そうであるならば、お酒を“飲む調味料”として食卓に並べてみるのはいかがでしょう。単なるアルコール飲料ではなく、風味と奥行きを料理にプラスする存在としてお酒を選ぶ、そして風味や香りを存分に含むフレッシュなお酒を舌の上で転がすことによって料理が完成する、そんな飲み方をしてみるのです。あくまでも、美味しさの幅を広げることが目的ですので、無理をしてたくさん飲む必要はありません。ほんの少しでいいからゆっくり味わってみてください。それだけでいつもの“おうちご飯”がぐっと味わい深くなるとしたら、試してみたくなりませんか。
食卓に“+ワイン”の提案
“飲む調味料”として食事にあわせるお酒の中で、特にオススメなのがワインです。その理由は「味」と「香り」に隠されています。
ワインの味わい
味覚の基本は「塩味」「甘味」「酸味」「苦味」「旨味」です。美味しいものには、この5つがバランスよく含まれています。また、これらの要素をすべて含む食材は、他の食材の味わいとたくさんの共通点を持つことになり、レシピに取り入れやすいといわれます。

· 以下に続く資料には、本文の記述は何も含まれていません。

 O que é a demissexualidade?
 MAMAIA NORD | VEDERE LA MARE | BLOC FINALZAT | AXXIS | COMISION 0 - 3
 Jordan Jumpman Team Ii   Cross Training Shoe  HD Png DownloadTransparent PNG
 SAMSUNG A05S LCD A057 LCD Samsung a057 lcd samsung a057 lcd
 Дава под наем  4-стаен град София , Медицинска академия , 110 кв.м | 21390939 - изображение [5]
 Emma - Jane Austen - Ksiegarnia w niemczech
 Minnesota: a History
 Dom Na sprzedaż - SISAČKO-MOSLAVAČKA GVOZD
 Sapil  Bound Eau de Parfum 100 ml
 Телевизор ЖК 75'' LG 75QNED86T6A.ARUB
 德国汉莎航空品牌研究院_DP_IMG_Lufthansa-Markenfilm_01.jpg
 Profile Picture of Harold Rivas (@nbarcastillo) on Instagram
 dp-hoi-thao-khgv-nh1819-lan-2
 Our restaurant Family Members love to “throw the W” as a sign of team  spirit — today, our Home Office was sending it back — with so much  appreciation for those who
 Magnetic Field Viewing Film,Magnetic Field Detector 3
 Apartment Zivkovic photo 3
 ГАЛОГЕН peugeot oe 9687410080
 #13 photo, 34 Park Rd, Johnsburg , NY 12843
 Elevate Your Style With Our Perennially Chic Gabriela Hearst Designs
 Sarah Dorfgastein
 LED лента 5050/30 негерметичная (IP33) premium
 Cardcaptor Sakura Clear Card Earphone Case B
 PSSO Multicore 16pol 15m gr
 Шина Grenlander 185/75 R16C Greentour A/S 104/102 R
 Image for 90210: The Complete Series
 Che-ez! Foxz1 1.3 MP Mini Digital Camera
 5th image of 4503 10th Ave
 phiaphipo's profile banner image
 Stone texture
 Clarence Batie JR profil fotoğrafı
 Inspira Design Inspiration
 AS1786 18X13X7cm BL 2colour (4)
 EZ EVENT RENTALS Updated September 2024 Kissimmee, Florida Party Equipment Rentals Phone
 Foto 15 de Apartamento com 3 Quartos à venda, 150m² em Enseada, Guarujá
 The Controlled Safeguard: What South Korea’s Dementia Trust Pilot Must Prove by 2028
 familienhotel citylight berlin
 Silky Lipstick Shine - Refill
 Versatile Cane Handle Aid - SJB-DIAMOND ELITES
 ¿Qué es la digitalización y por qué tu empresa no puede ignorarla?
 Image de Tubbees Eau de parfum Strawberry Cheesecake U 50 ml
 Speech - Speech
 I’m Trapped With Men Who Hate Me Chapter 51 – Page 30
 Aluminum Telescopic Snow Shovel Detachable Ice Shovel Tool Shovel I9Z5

意外かもしれませんが、実はワインには、強弱はあれど「甘味」「酸味」「苦味」「旨味」の4つが含まれているのです。さらに、硬度の高いミネラルウォーターのような「ミネラル感」や、口の中にアクセントとして残る「渋味」などの様々な要素が含まれていて、まるで“味わいの百貨店”のよう。“飲む調味料”としては、これ以上ない万能選手なのです。
ワインの香り
ワインには数百もの匂い成分が含まれており、その数は醸造酒の中でも随一。それらの成分が組み合わさることで、様々な香りを感じさせます。例えば“イチゴの香り”。原料はブドウのはずなのにイチゴの香りがするなんて不思議に思われますが、ワインに含まれる数多の匂い成分のうち特定の成分が同時に鼻腔を刺激したとき、確かにそれはイチゴの香りを連想させます。このような匂い成分の組み合わせが無数にあるため、ワインからは様々な風味が香りたつのです。
“美味しさ”とは味覚と嗅覚に支えられるもの。ワインを口に含むと様々なフレーバーが嗅覚を刺激し、料理に奥行きと複雑さをプラスしてくれます。イメージは、手作りお菓子のブランデーです。数滴垂らすだけでお菓子の香りが驚くほど豊かになる、あの感覚です。
ワインを楽しむ3つのヒント
ワインの起源は紀元前6000年までさかのぼります。つまり、すでに8000年の歴史があるということです。ワインはその間、ヨーロッパ諸国の文化に根差しながら愛されてきました。ヨーロッパの人々にとっては、気取ったうんちくやマナーなんて二の次で、手持ちのグラスに大胆に注いで、郷土料理と共にラフに楽しむのが一般的です。
一方、日本でワインが広く流通するようになったのはつい最近のこと。ワイン=リッチで堅い飲み物という印象が根強く、まだまだ食卓に並べることを躊躇する人も多数いらっしゃいます。その理由としてよく聞くのは、「料理との合わせ方がわからない」、「1本を飲みきる自信がない」、「選び方がわからない」という3つのハードルです。
料理との合わせ方のヒント
もっとも簡単なのは、色をあわせること。赤ワインなら赤い料理、白ワインなら白い料理にあわせるのが基本です。よく言われる「赤ワインにはお肉料理、白ワインには魚料理」というのも、“色の法則”にのっとったあわせ方。迷った時はこの“色の法則”を思い出しましょう。チーズに合わせるのは赤ワインというイメージが一般的ですが、意外と白ワインでも合います。これも“色の法則”です。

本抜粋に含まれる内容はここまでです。